Tamale Cornbread Dressing

Ingredients:
2 tablespoons butter, divided
1/2 medium yellow onion, diced
2 cloves garlic, minced
4 cups crumbled cornbread, (1/2 of a baked 10-inch skillet)
1/2 teaspoon ground cumin
1/2 teaspoon dried sage
1/4 cup chopped cilantro
3 jalapeños, seeds and stems removed, diced
1 cup frozen corn kernels
4 ounces pepper Jack, shredded (1 cup)
6 beef, pork or chicken tamales, chopped
2 cups turkey or chicken broth
Salt
Black pepper

Instructions:
Preheat the oven to 350 °F.

In a large cast-iron skillet, melt the butter on medium-low heat. Add the onions to the skillet and cook until translucent, about 5 minutes. Add the garlic and cook for 30 more seconds.

Once cooked, remove the skillet from the heat and transfer the cooked onions and garlic to a large bowl. Add to the large bowl the crumbled cornbread, cumin, sage, cilantro, corn kernels, diced jalapeños and pepper Jack cheese. Stir until well combined. Gently stir in the chopped tamales, and return the dressing to the skillet. (Alternatively, you can place the dressing in a greased 9×9 baking dish.)

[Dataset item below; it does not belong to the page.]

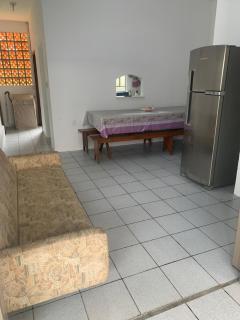 Ampla casa de veraneio excelente localização - Navegantes - 1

Pour over the dressing the chicken broth and gently stir to combine. Adjust seasonings and add salt and pepper to taste. Cover the skillet with foil and bake for 45 minutes. Remove the foil and bake for 15 more minutes or until top is lightly browned and the edges are crisp.

Yield:
8 servings

Only a little while to wait until the holiday is upon us, but maybe I will have to make some test batches to try to find the elusive but perfect combination of flavors.